The question of a science of history is discussed at length in World History And The Eonic Effect and this is connected with what I call ‘Kant’s Challenge’, that is, the paragraph of his famous essay cited in this passage:
Kant’s Challenge
I am not an interpreter of Kant here, as such, but simply take his beautiful implied change to resolve the issue of freedom and causality across history. The pattern of the eonic effect provides a spectacular answer to that implied challenge.
Note that the eonic effect automatically picks up the question of the rise of liberalism (and science) and shows its deep relationship to the historical/evolutionary process of man’s descent, and creation of world civilization.
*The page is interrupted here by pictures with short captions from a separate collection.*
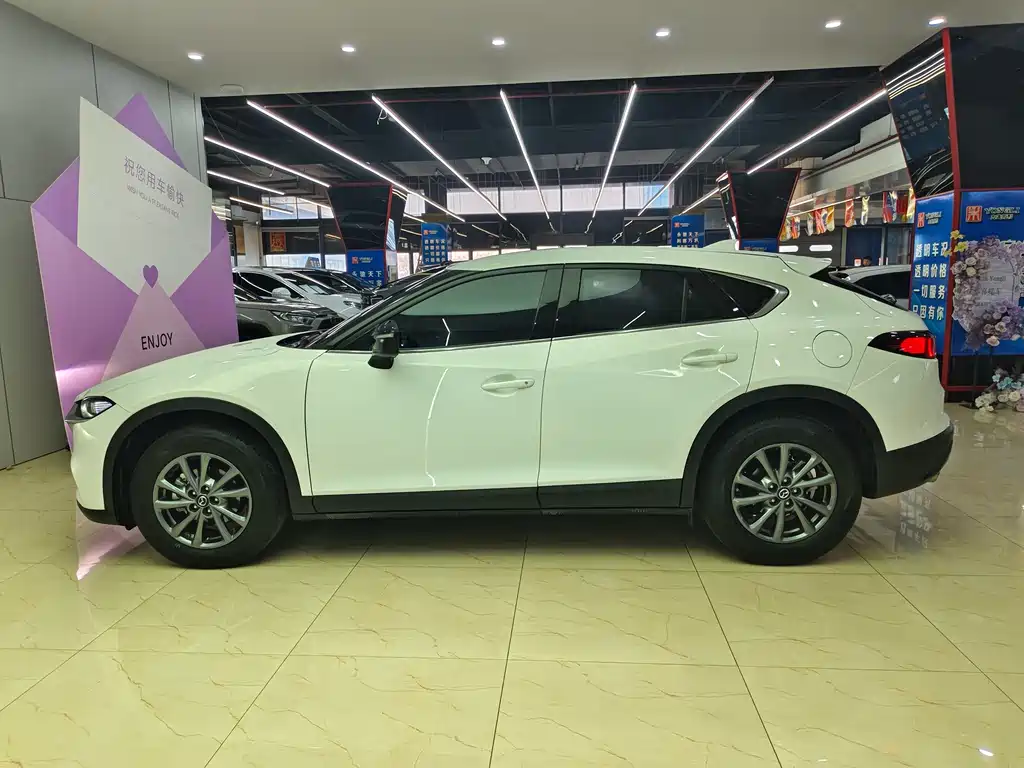 Mazda CX-4 2021 2.0L automatic two-wheel drive Blue Sky Vitality Edition купить на сайте DeffCars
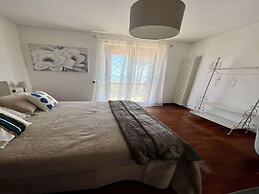 Elegant Villa With hot Tub, Views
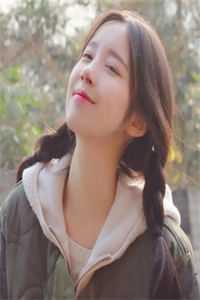 嫂子怀孕后做美女主播一炮而红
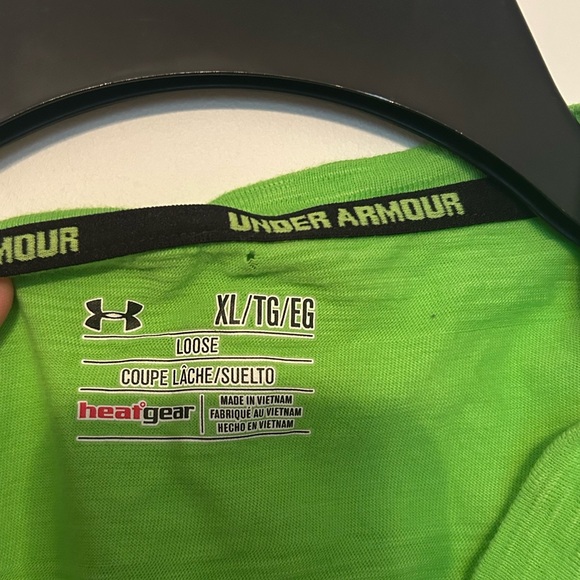Under Armour Men's Vibrant Green Tee - Picture 3 of 3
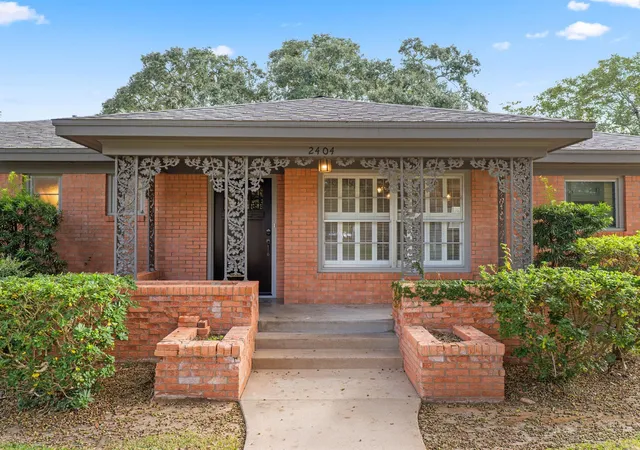 2nd image of 2404 Marguerite St, Bay City, TX 77414 | MLS# 16816286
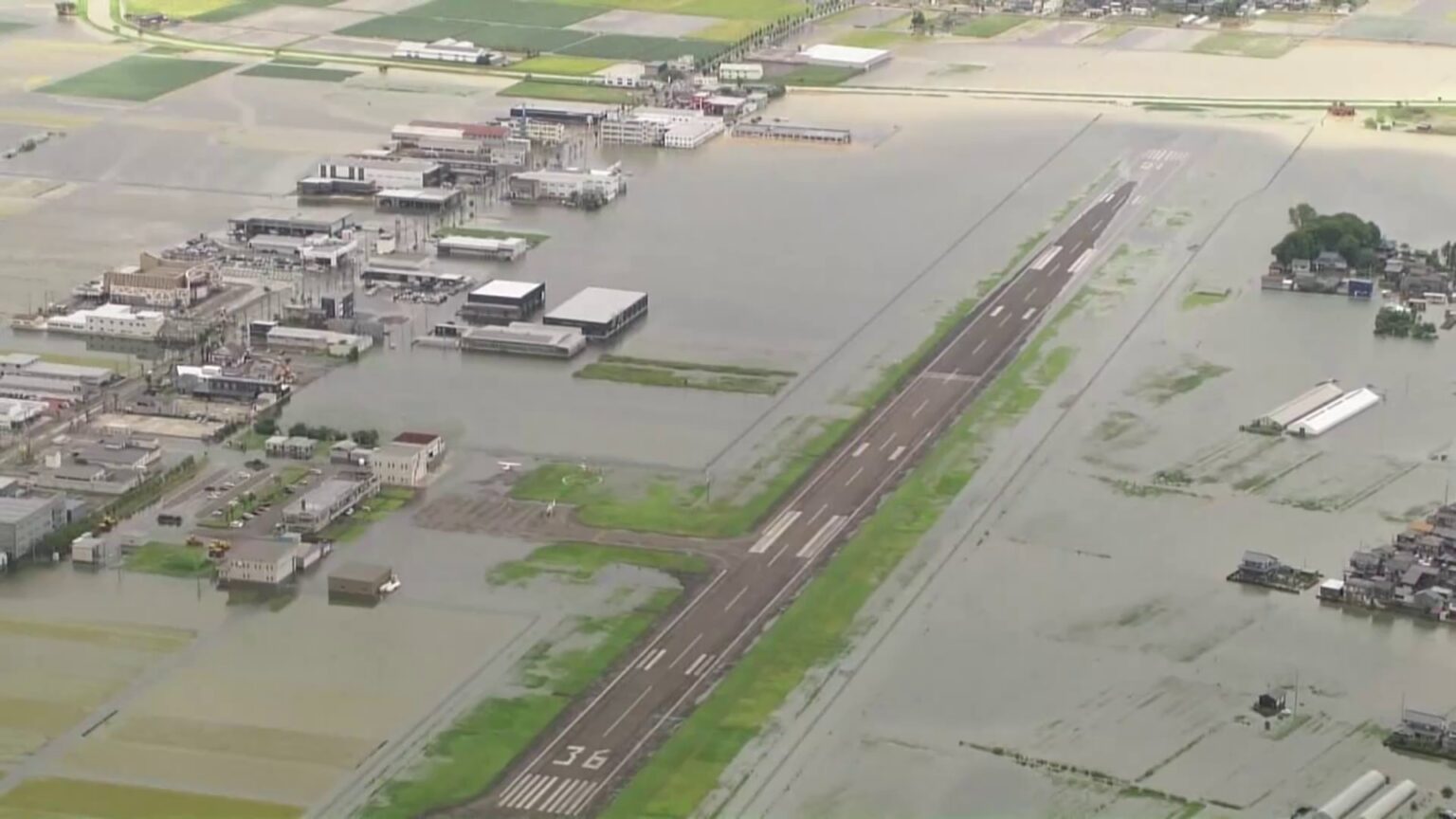 一時「レベル5大雨特別警報」福井 記録的大雨で19河川が氾濫 冠水・浸水・土砂崩れなどの被害相次ぐ(TBS NEWS DIG Powered by JNN) 一時「レベル5大雨特別警報」福井 記録的大雨で19河川が氾濫 冠水・浸水・土砂崩れなどの被害相次ぐ(TBS NEWS DIG Powered by JNN)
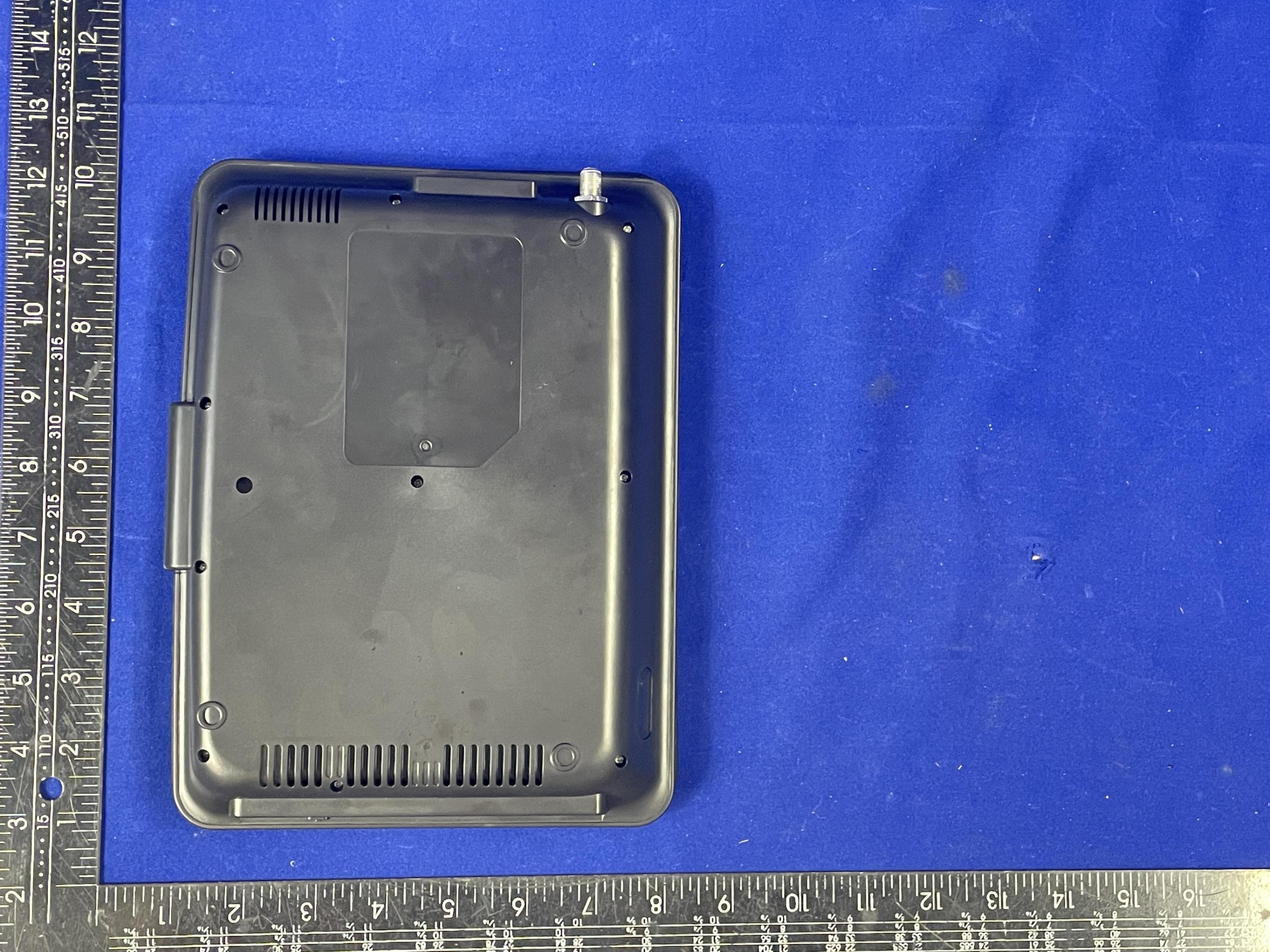9 INCH PORTABLE SWIVEL TV/DVD PLAYER COMBO - FCC ID 2AB4K363901TV - MET INDUSTRIAL LTD (2)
Let me note my suspcion here, for the umpteenth time by various authros, that Ferris is well aware of World History And The Eonic Effect and wants to produce an answer (without citing the book in question) that negates the apparoach indicated. One thing is sure these people are afraid of the challenge to produce a ‘science of history’. They can’t do it in conventional terms, and Ferris produces a whole book of moolah to distract attention from that fact.
Science the cause of liberalism? That’s a joke. As here, we see the effort to asphyxiate the public with the propaganda of scientism, and to eliminate history, as in any totalitarian system.
Make sure you don’t get drugged and put to sleep forever.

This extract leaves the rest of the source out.